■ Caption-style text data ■
____________

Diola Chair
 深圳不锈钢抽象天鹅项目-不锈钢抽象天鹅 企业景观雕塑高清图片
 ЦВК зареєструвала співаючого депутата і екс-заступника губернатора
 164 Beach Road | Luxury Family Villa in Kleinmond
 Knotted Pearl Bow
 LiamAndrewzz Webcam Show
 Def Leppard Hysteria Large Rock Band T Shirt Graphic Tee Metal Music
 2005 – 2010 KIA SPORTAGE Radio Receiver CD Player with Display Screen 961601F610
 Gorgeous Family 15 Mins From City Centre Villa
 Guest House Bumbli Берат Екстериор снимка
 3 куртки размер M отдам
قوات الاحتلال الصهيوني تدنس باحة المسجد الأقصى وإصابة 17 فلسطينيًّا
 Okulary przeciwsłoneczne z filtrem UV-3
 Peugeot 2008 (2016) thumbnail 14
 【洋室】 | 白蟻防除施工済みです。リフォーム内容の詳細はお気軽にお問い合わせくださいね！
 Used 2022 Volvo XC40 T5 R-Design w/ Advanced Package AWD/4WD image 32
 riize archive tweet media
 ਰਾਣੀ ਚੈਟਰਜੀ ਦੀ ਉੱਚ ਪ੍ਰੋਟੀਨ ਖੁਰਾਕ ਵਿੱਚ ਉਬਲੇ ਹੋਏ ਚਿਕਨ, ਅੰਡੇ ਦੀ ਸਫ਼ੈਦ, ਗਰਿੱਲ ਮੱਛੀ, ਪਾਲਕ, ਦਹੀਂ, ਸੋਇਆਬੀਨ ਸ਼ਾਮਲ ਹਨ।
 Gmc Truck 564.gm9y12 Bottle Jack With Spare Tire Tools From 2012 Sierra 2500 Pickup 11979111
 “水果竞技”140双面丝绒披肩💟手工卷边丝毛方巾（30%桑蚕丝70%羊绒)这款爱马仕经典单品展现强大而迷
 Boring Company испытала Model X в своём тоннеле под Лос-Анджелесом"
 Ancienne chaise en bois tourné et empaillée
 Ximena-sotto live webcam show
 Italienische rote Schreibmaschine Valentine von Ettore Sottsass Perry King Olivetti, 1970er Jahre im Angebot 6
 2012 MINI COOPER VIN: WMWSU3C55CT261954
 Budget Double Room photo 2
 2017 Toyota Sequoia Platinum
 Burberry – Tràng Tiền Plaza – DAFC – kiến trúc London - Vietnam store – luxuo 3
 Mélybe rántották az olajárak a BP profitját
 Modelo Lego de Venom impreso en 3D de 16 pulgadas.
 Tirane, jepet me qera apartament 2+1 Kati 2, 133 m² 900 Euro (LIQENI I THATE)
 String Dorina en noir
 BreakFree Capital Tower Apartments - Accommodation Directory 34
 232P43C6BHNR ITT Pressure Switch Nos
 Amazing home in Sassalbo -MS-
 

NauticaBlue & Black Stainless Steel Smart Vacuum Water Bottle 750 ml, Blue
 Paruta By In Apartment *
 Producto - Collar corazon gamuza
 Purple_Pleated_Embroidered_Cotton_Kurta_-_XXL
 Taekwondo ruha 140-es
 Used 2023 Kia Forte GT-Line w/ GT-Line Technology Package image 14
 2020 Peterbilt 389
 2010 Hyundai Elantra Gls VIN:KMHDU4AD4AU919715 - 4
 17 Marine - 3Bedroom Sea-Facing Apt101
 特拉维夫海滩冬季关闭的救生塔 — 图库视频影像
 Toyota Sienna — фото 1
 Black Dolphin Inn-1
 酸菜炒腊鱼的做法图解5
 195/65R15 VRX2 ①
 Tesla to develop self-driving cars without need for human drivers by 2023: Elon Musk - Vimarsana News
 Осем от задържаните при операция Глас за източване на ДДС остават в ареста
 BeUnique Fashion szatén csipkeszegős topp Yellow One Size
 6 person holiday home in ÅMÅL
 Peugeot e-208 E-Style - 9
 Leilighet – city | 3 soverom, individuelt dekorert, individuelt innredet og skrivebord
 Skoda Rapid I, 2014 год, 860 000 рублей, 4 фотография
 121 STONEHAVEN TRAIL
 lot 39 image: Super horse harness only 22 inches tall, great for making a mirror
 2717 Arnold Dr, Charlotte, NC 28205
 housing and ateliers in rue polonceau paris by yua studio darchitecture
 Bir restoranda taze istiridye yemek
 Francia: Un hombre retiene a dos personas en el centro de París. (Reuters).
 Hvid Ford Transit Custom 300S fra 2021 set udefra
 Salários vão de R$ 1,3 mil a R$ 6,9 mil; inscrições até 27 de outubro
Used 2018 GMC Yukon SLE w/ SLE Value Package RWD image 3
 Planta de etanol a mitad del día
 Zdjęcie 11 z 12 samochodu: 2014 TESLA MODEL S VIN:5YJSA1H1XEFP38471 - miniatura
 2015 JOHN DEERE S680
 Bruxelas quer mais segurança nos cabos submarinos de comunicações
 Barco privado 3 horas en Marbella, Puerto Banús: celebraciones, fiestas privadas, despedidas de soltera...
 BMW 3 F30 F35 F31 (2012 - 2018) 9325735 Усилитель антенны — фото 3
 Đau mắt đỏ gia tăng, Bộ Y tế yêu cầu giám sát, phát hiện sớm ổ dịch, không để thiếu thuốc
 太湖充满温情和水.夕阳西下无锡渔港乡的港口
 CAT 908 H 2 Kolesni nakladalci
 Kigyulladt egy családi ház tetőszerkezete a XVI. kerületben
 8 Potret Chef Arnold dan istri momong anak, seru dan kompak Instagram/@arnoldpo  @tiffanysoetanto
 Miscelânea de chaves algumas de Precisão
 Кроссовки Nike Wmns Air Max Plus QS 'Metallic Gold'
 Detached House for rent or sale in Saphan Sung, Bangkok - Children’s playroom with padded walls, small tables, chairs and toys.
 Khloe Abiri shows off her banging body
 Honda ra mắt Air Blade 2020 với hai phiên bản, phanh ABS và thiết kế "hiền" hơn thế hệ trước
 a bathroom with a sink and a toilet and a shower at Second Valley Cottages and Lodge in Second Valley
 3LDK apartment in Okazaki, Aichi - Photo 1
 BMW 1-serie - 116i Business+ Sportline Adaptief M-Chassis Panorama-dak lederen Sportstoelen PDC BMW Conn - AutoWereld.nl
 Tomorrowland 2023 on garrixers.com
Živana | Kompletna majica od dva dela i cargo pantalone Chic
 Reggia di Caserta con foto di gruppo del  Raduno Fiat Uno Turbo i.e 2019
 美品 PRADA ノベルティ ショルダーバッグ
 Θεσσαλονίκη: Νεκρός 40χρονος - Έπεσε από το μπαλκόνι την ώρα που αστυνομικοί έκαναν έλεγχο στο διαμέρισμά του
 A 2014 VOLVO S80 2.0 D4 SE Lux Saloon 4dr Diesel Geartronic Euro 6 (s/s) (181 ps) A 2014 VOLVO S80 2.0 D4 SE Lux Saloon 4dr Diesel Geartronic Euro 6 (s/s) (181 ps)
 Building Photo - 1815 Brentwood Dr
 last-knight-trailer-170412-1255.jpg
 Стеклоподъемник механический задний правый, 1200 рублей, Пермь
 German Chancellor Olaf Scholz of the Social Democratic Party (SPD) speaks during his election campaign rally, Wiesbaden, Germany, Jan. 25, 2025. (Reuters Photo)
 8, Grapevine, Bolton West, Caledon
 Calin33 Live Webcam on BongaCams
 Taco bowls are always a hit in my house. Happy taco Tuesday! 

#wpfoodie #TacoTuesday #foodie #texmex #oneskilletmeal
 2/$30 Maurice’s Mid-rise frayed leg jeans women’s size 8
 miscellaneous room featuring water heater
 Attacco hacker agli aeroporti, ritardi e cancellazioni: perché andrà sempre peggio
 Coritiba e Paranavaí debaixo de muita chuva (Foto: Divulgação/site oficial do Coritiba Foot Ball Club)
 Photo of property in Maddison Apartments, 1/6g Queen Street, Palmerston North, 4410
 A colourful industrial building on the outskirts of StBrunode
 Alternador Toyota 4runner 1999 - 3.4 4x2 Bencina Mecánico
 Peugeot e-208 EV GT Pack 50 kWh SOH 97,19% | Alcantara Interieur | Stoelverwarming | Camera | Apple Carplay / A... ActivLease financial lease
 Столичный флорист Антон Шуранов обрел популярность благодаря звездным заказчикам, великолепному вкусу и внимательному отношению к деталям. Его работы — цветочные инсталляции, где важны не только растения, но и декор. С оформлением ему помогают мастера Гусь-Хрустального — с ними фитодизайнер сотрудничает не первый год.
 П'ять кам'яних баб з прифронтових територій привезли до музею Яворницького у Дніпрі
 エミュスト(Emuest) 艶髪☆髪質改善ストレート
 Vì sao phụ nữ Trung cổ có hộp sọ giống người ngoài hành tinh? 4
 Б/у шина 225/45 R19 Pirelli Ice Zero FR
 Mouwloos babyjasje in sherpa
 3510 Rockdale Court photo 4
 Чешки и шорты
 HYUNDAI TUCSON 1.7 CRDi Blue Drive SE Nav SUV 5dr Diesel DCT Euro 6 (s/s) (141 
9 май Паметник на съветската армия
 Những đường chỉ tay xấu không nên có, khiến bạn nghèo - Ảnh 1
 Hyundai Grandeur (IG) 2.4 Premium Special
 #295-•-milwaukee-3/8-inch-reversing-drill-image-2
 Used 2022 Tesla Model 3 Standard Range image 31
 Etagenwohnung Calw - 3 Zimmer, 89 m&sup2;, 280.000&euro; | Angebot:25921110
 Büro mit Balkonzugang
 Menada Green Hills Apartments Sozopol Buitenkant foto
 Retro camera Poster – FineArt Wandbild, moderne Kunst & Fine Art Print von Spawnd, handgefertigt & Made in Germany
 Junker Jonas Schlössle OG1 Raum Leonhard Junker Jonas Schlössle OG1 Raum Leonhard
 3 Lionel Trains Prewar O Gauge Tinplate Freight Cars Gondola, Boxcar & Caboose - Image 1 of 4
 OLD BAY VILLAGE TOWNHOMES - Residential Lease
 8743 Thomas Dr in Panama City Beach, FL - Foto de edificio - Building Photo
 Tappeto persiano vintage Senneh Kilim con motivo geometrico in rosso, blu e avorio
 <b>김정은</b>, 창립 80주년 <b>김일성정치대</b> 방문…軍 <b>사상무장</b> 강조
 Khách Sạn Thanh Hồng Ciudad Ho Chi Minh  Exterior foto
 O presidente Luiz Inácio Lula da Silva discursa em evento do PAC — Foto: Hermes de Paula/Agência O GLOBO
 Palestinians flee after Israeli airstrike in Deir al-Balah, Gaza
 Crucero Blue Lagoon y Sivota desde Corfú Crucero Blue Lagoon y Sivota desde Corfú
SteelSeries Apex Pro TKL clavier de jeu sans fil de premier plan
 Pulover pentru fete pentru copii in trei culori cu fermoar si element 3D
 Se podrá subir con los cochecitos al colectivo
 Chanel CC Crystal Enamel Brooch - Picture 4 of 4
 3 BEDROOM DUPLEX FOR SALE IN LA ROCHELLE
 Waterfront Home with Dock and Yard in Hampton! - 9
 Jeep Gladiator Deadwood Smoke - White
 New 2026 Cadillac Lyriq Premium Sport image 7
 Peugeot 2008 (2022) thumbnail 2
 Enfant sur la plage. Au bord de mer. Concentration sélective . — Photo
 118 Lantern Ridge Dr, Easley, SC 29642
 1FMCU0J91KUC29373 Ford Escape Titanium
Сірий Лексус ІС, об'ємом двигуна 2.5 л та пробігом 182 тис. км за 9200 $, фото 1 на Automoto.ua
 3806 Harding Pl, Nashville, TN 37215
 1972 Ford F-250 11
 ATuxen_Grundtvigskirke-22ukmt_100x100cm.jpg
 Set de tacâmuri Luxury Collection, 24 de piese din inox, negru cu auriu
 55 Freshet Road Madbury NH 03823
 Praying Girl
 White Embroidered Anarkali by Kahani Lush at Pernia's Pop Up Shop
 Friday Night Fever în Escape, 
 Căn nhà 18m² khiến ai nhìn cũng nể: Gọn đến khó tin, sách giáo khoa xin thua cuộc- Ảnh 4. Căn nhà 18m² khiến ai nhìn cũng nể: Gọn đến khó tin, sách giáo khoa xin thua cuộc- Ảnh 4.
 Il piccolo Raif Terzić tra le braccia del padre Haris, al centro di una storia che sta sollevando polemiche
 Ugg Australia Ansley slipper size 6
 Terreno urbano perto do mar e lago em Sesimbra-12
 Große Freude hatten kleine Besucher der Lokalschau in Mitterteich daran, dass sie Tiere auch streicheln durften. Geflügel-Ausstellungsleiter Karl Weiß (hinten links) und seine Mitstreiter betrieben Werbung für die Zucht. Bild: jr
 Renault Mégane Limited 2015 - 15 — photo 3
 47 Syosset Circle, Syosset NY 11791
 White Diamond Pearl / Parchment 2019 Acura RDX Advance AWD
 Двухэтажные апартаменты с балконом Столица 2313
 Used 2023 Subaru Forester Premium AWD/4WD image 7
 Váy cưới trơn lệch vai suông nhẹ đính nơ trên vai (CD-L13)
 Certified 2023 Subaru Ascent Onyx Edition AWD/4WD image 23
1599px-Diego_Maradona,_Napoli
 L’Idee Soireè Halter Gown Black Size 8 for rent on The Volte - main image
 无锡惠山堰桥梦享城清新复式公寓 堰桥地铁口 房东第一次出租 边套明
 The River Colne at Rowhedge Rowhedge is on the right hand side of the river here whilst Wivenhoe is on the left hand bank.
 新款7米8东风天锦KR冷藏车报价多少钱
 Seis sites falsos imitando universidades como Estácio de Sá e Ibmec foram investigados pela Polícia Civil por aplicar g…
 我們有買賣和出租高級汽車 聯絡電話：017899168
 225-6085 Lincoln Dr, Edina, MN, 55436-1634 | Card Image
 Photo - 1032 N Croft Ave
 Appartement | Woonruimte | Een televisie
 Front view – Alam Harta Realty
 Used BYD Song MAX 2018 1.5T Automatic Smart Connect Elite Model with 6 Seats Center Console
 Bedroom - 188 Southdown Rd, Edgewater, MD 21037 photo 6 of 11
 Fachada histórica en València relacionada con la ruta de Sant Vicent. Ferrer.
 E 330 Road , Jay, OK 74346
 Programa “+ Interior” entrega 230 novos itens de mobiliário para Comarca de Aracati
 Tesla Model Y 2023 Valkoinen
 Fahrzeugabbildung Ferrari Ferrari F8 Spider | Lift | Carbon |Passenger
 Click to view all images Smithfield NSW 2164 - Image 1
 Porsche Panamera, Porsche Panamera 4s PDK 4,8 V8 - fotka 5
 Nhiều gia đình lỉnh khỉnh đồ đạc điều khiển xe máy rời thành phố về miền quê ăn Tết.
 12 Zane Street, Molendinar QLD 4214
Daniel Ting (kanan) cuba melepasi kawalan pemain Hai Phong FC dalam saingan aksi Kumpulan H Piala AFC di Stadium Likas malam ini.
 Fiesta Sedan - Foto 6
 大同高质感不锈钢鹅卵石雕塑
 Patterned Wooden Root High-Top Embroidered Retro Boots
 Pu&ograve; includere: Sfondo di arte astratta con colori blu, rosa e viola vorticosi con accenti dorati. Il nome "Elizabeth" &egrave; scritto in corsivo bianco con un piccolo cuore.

____________

■ Task to complete ■
Starting at the line that has "Ancienne chaise en bois tourné et empaillée" in the records above, restate word for word every line until the one that has "Hvid Ford Transit", and include that one as well.

■ Answer box ■
 Ancienne chaise en bois tourné et empaillée
 Ximena-sotto live webcam show
 Italienische rote Schreibmaschine Valentine von Ettore Sottsass Perry King Olivetti, 1970er Jahre im Angebot 6
 2012 MINI COOPER VIN: WMWSU3C55CT261954
 Budget Double Room photo 2
 2017 Toyota Sequoia Platinum
 Burberry – Tràng Tiền Plaza – DAFC – kiến trúc London - Vietnam store – luxuo 3
 Mélybe rántották az olajárak a BP profitját
 Modelo Lego de Venom impreso en 3D de 16 pulgadas.
 Tirane, jepet me qera apartament 2+1 Kati 2, 133 m² 900 Euro (LIQENI I THATE)
 String Dorina en noir
 BreakFree Capital Tower Apartments - Accommodation Directory 34
 232P43C6BHNR ITT Pressure Switch Nos
 Amazing home in Sassalbo -MS-
 

NauticaBlue & Black Stainless Steel Smart Vacuum Water Bottle 750 ml, Blue
 Paruta By In Apartment *
 Producto - Collar corazon gamuza
 Purple_Pleated_Embroidered_Cotton_Kurta_-_XXL
 Taekwondo ruha 140-es
 Used 2023 Kia Forte GT-Line w/ GT-Line Technology Package image 14
 2020 Peterbilt 389
 2010 Hyundai Elantra Gls VIN:KMHDU4AD4AU919715 - 4
 17 Marine - 3Bedroom Sea-Facing Apt101
 特拉维夫海滩冬季关闭的救生塔 — 图库视频影像
 Toyota Sienna — фото 1
 Black Dolphin Inn-1
 酸菜炒腊鱼的做法图解5
 195/65R15 VRX2 ①
 Tesla to develop self-driving cars without need for human drivers by 2023: Elon Musk - Vimarsana News
 Осем от задържаните при операция Глас за източване на ДДС остават в ареста
 BeUnique Fashion szatén csipkeszegős topp Yellow One Size
 6 person holiday home in ÅMÅL
 Peugeot e-208 E-Style - 9
 Leilighet – city | 3 soverom, individuelt dekorert, individuelt innredet og skrivebord
 Skoda Rapid I, 2014 год, 860 000 рублей, 4 фотография
 121 STONEHAVEN TRAIL
 lot 39 image: Super horse harness only 22 inches tall, great for making a mirror
 2717 Arnold Dr, Charlotte, NC 28205
 housing and ateliers in rue polonceau paris by yua studio darchitecture
 Bir restoranda taze istiridye yemek
 Francia: Un hombre retiene a dos personas en el centro de París. (Reuters).
 Hvid Ford Transit Custom 300S fra 2021 set udefra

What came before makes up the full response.